● **The data**
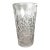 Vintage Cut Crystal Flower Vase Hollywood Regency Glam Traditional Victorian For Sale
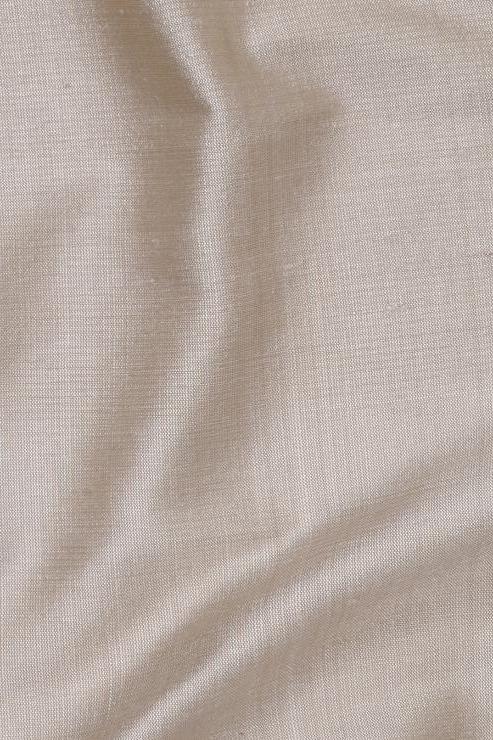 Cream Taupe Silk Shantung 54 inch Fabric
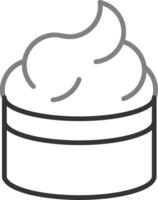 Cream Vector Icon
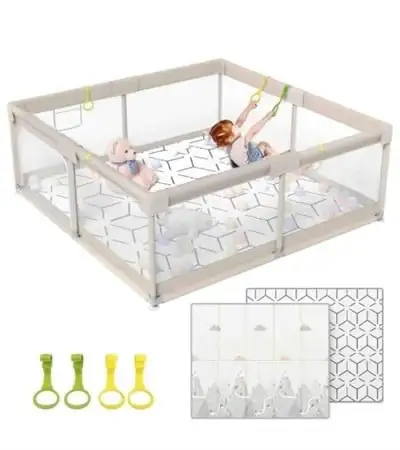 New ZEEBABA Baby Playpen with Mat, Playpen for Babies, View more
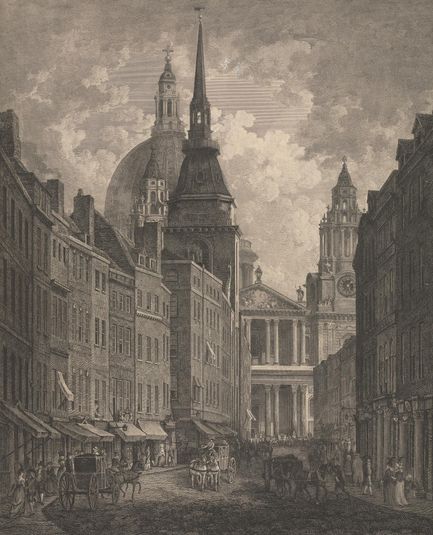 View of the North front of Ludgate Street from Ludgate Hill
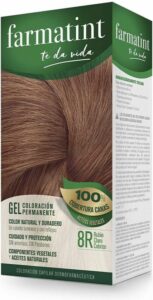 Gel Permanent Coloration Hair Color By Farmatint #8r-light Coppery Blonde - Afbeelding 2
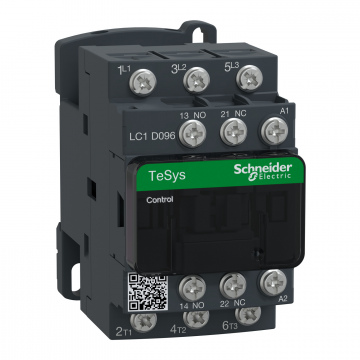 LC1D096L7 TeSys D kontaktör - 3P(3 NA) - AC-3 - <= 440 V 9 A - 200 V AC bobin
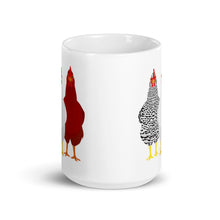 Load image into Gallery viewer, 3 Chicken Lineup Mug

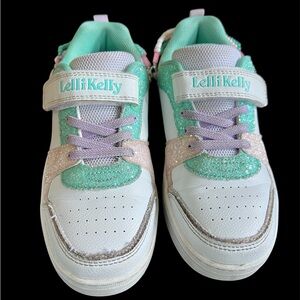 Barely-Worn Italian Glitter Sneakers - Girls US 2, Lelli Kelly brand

● **Exercise objective**
What you write must match, line for line, the records from the line containing "Gel Permanent Coloration" through the last line, with every picture left out.

● **Problem solution**
 Gel Permanent Coloration Hair Color By Farmatint #8r-light Coppery Blonde - Afbeelding 2
 LC1D096L7 TeSys D kontaktör - 3P(3 NA) - AC-3 - <= 440 V 9 A - 200 V AC bobin
 Load image into Gallery viewer, 3 Chicken Lineup Mug

 Barely-Worn Italian Glitter Sneakers - Girls US 2, Lelli Kelly brand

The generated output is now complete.